Kapitel 9. Verwirrungen
Ein weiteres Mal war es Sommer geworden. Der vierunddreißigste in Mirawens Leben. Seit etwas über einem Jahr war sie volljährig. Gegenüber früher hatte sie sich sehr verändert. Aus dem aufgeweckten Hobbitmädchen war eine stille und nachdenkliche Frau geworden.
Wie so oft ging sie an diesem Nachmittag am Ufer des Bruinen entlang. Sie mochte es, wie das Gras unter ihren Füßen kitzelte. Und sie mochte es dem Gesang der Vögel, die in den Büschen hockten, zu lauschen.
Schließlich erreichte sie den kleinen Wasserfall. Der Apfelbaum daneben trug auch dieses Jahr herrliche goldgelbe Früchte. Dieses Mal jedoch ging sie noch ein wenig weiter. Der Bruinen ergoss sich hier in ein breiteres Becken. An dieser Stelle schimmerte das klare Wasser türkis.

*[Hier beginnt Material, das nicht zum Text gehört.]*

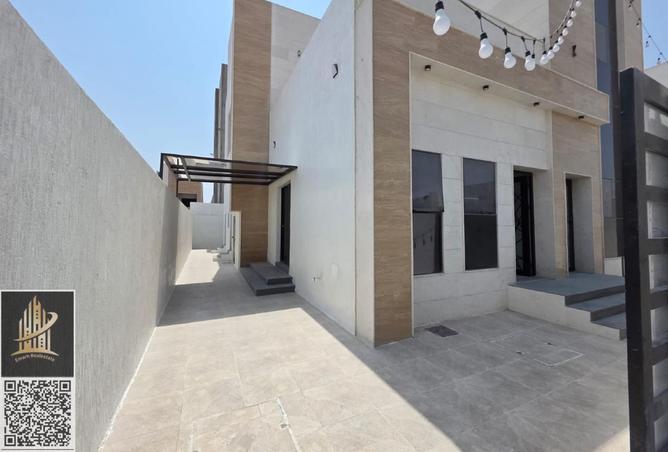 15364097 - Property Image 3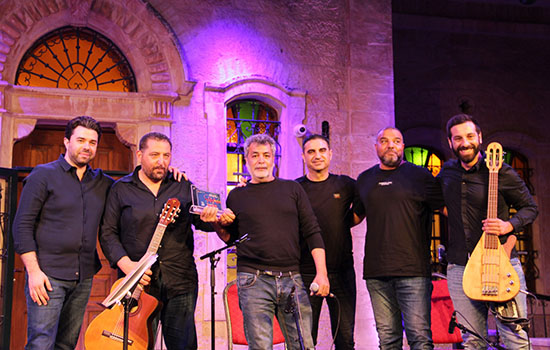 E1a5a87b C4d4 41c5 Ba0d D03663c1615a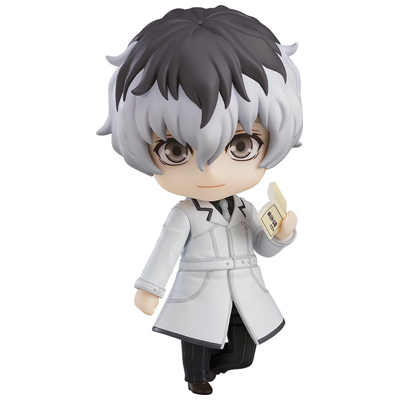 佐々木琲世 946 東京喰種 トーキョーグール：re ねんどろいど グッドスマイルカンパニー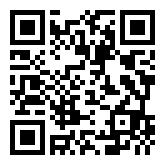 https://www.zaoyun.cc/hym/3317.html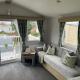 Platinum caravan holidays Port Seton - Foto 1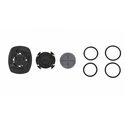 Zéfal Universal Phone Adapter Bike Kit fietshouder voor telefoon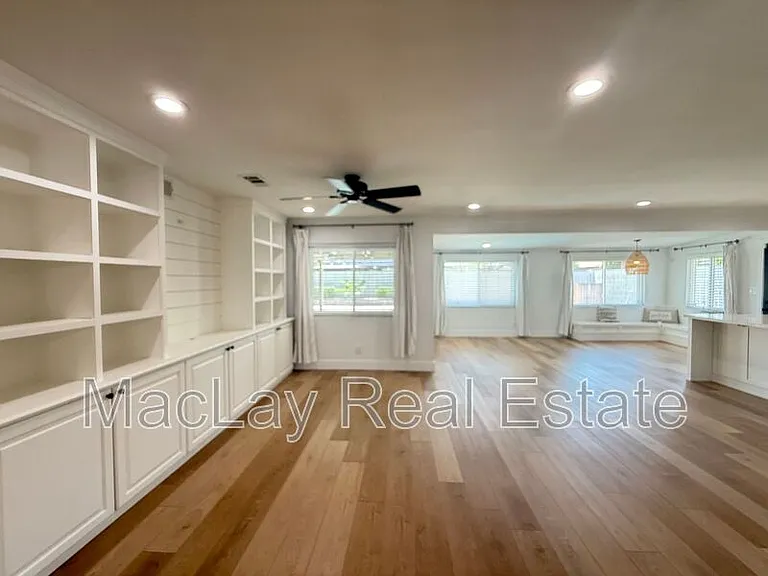 1363 W Los Lagos Vista Ave — Photo 9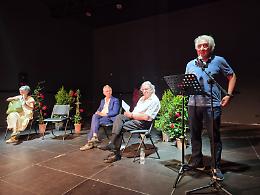 La tutela dell'ambiente tra consapevolezza e responsabilit&agrave;: istituzioni, esperti e associazioni a confronto
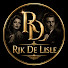 DBkA7p5GiLM-channel-avatar-Rik De Lisle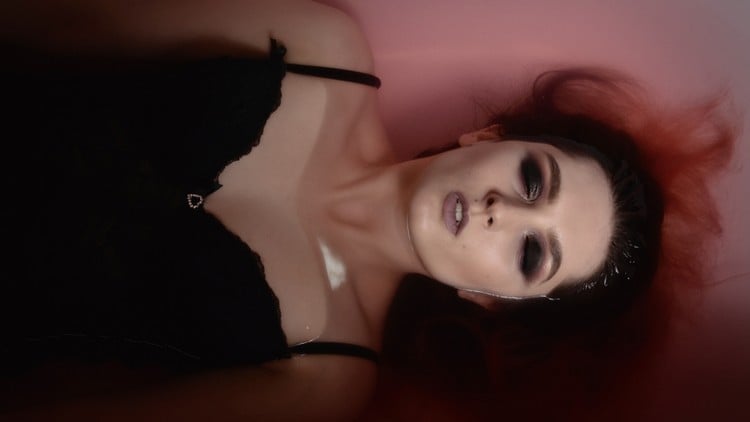 آموزش روانشناسی جنایی: جرم و اختلالات شخصیت
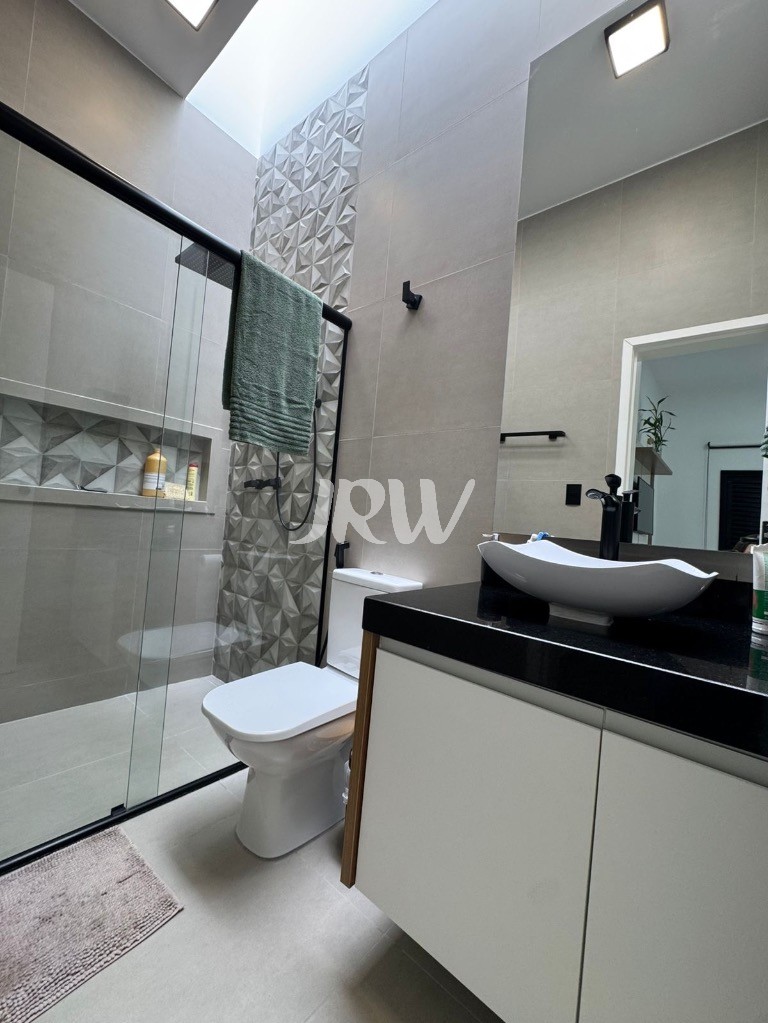 Casa de Condomínio, 3 quartos - Foto 24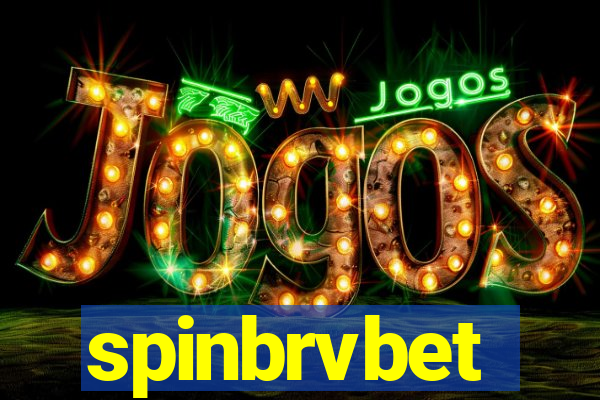 spinbrvbet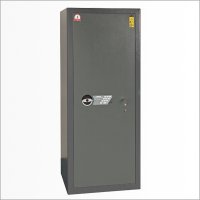 Сейф Onix NTL-120MEs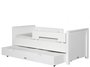 Bopita Jonne junior ledikant 70x150 cm. wit_5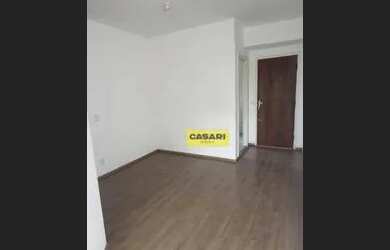 Imagem 16: Apartamento, 72 m² - venda por R$ 424.000,00 ou aluguel por R$ 794,00/mês...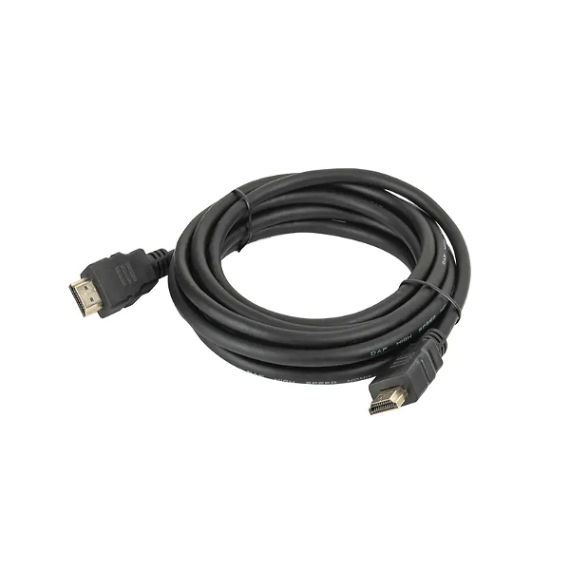 Vermietung HDMI-Kabel auf Mallorca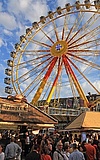 75. Darmstädter Heinerfest
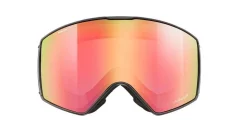 Julbo Launcher Noir/Vert MR 1-3 PHC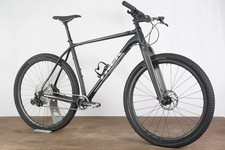 2017 XL 29" Trek Superfly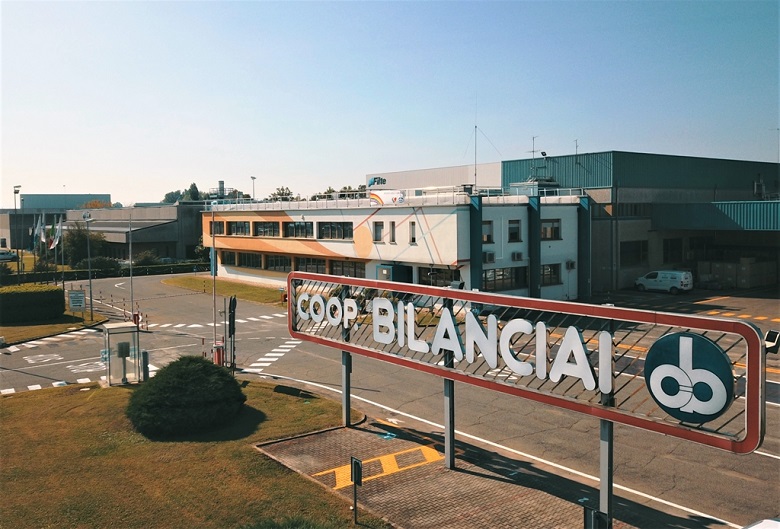 Bilanciai Group e Topcon Positioning Systems: al via collaborazione strategica a livello europeo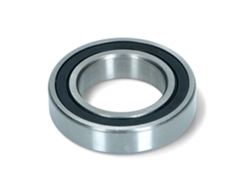 Rodamiento 6008 2rs Lavadora Brg108un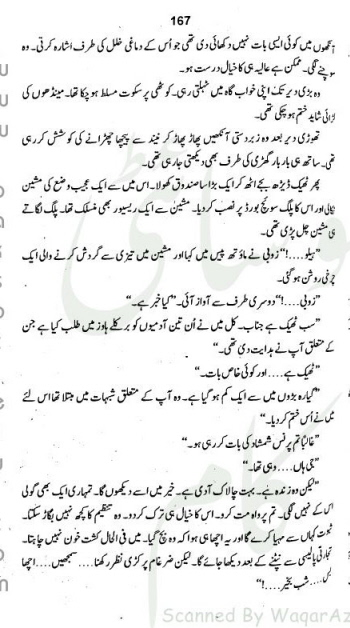 "Pagal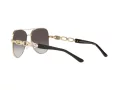 Michael Kors Chianti Naočare za sunce MK 1121 1014/8G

Sie krempelte ihre Hose hoch bis über die Knie und watete langsam in den Fluss. Aber sie hütete sich davor zu weit hinein zu gehen, denn in der Mitte war das Becken so tief, dass es ihr bis zur Brust reichte. Und momentan verspürte sie keinerlei Lust ein Vollbad zu nehmen.
Das Wasser war kühl, aber nicht zu kalt. Es fühlte sich so gut an, wie es um ihre Beine floss.
Schließlich kehrte sie zum Ufer zurück und legte sich ins Gras, um ein wenig die warme Sonne zu genießen. Sie schloss die Augen und ließ ihre Gedanken treiben.
Wie lange sie so da lag, wusste sie nicht. Irgendwann wurde sie sich plötzlich einer Präsenz bewusst. Es befand sich noch jemand hier. Als sie die Augen aufschlug, blickte sie in Elronds Gesicht.
Der Elb musste lächeln, als er ihre etwas desorientierte Miene bemerkte. „Es tut mir leid, ich wollte dich nicht erschrecken", sagte er.
„Nicht deine Schuld. Ich muss wohl eingenickt sein", sie musterte Elrond, „Gehst du denn oft hier spazieren?"
Für einen Moment schien er unendlich weit weg zu sein, bevor er zu einer Antwort ansetzte, „Früher mal. Das war Celebrians Lieblingsplatz, musst du wissen. Aber seit sie tot ist, bin ich diesen Weg kaum mehr gegangen. Die Erinnerung tat zu weh."
Mirawen nickte langsam, „Verzeih mir bitte, ich wollte nicht zu neugierig sein."
Er lächelte, „Ist schon gut. Es ist zwanzig Jahre her und das Leben geht weiter. Bis ich Celebrian wieder in die Arme schließen kann, wird es noch eine lange Zeit dauern. Und Arwen hat recht, ich kann nicht ewig Trübsal blasen."
„Das hat sie in der Tat", stellte Mirawen fest, „Als Tuor vor jetzt fast zehn Jahren gestorben ist, sagte mir Artanis, dass es keinen Sinn macht Verlorenem hinterher zu trauern. Mal sollte sich eher auf das konzentrieren, was man noch hat."
Der Elb nickte nachdenklich, erwiderte aber nichts.
Eine Weile saßen die beiden stumm nebeneinander im Gras. Jeder ging seinen eigenen Gedanken nach.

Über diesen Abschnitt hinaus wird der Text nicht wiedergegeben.